Set in a dystopian future where humanity is struggling to survive, the film follows a group of astronauts who travel through a wormhole in search of a new home.

808. The Killing (1956) Dir. Stanley Kubrick, 85 mins.

Johnny Clay (Sterling Hayden) is a veteran criminal planning one last heist before settling down and marrying Fay (Coleen Gray). He plans to rob two million dollars from the money-counting room of a racetrack during a featured race.

807. Shoot the Piano Player (1960) Dir. Francois Truffaut, 92 mins.

Strikingly inventive, Truffaut’s second feature follows a one-time concert pianist (Charles Aznavour) who gained fame but then changed his name and plays honky-tonk in an out-of-the-way saloon. His self-imposed exile ends when two of his brothers get into trouble with gangsters they double crossed and the pianist helps them escape, putting his life and that of another brother into jeopardy. With inspiration from his favourite American directors and employing the hallmarks of the French New Wave, Truffaut blends suspense, humour and a variety of technical styles to create a film noir masterpiece.

806. It Happened One Night (1934) Dir. Frank Capra, 105 mins.

A pampered socialite (Claudette Colbert) tries to get out from under her father’s thumb and falls in love with a roguish reporter (Clark Gable).

805. L’Age d’Or (1930) Dir. Luis Bunuel, 60 mins.

A French surrealist comedy directed by Luis Buñuel about the insanities of modern life, the hypocrisy of the sexual mores of bourgeois society and the value system of the Roman Catholic Church. The film confirmed Bunuel’s originality after the acclaim for An Andalusian Dog but also brought controversy to the surrealist movement when extreme white wing activists attacked the cinema where it was showing, leading to the film being banned by the authorities.

804. The Man Who Would Be King (1975) Dir. John Huston, 129 mins.

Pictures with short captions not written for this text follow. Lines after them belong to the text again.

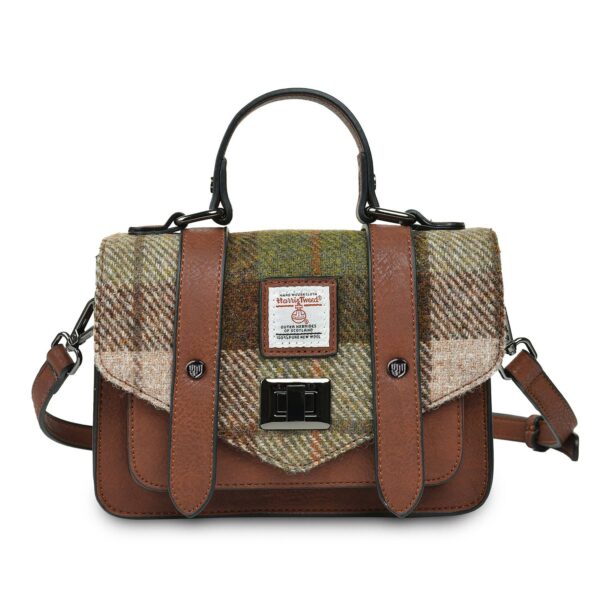 The Medium Satchel: Chestnut Tartan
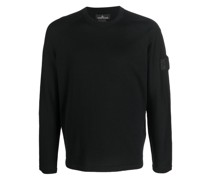 Pullover mit Logo-Patch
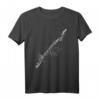 Querflöten Spieler Spielerin Musik Design T-Shirt – Perfektes Geschenk für Musiker, Weihnachten & Geburtstag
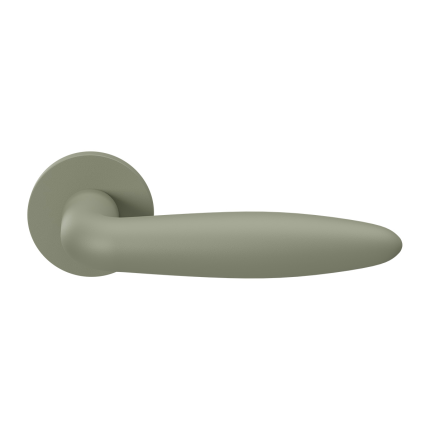 door-handle-on-rose-cigar-model-19mm-gpf135vru2r-pointing-right-urban-jungle-clay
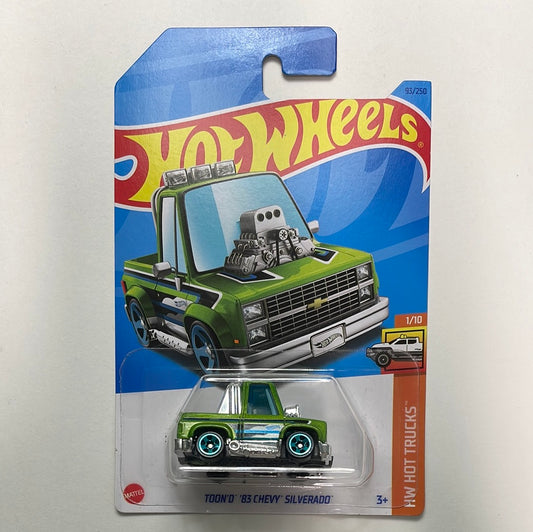 Hot Wheels 1/64 Toon’d ‘83 Chevy Silverado Green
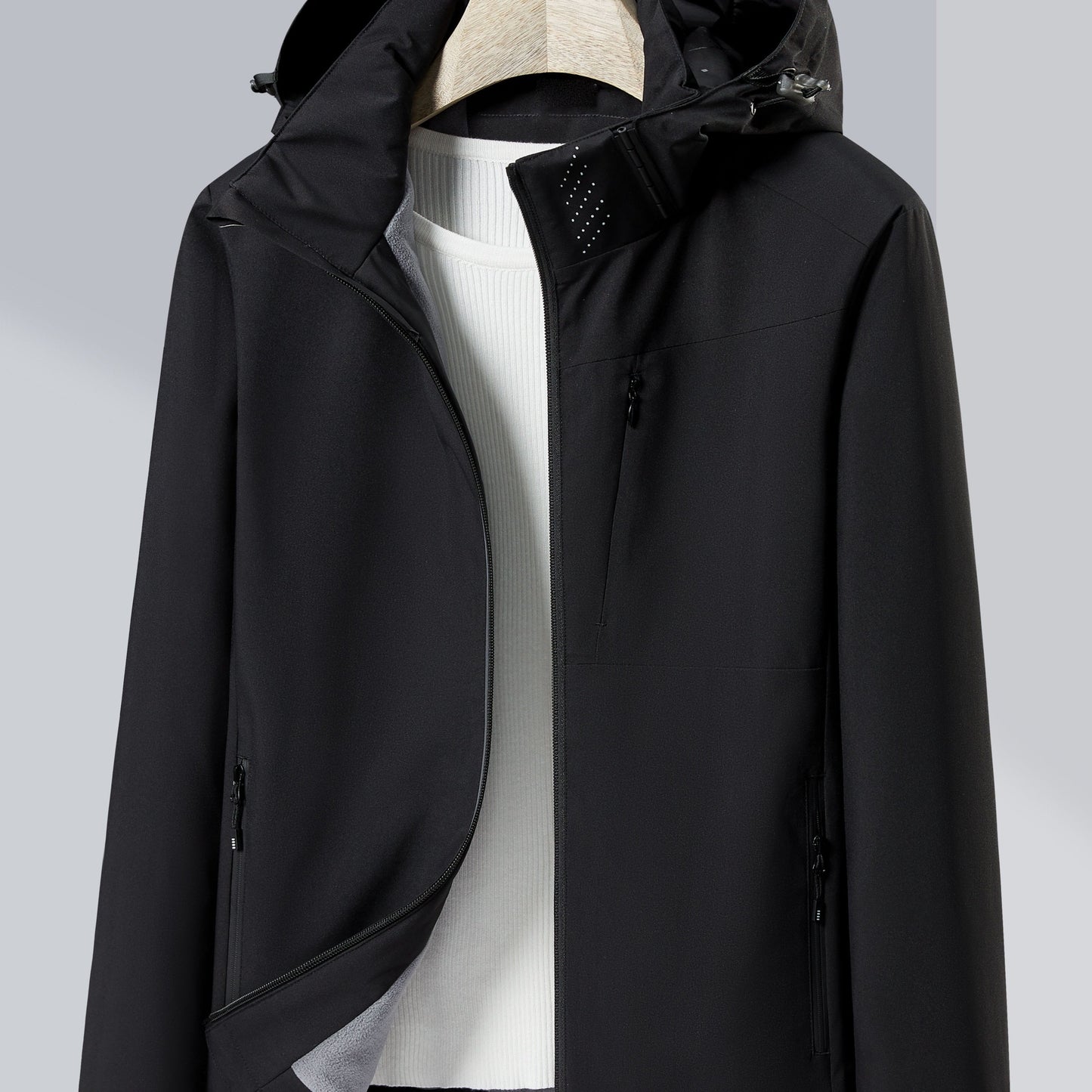 Evelien | Windproof and waterproof outdoor jacket with polar fleece lining and hood - 07/112024 1 - DYAVOR®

Michael Caine and Sean Connery replaced Huston’s original American choices in an adaptation of Rudyard Kipling’s cautionary tale as two rogue ex-soldiers, former non-commissioned officers in the British Army, who set off from late 19th-century British India in search of adventure and end up in faraway Kafiristan, where one is taken for a god and made their king.

803. The Prestige (2006) Dir. Christopher Nolan, 130 mins.

The story follows Robert Angier and Alfred Borden, rival stage magicians in London at the beginning of the 20th century. Obsessed with creating the best stage illusion, they engage in competitive one-upmanship with tragic results.

802. Ballad of Narayama (1983) Dir. Shohei Imamura, 130 mins.

The film looks at the cruelties of life in a small Japanese 19th century village where once anyone reaches 70 years old they must leave and go to a mountain top to die.

801. This is Spinal Tap (1984) Dir. Rob Reiner, 82 mins.

By following a fictional British heavy metal band Spinal Tap, the film satirises the wild personal behaviour and musical pretensions of hard rock and heavy metal bands, as well as the hagiographic tendencies of rock documentaries of the time.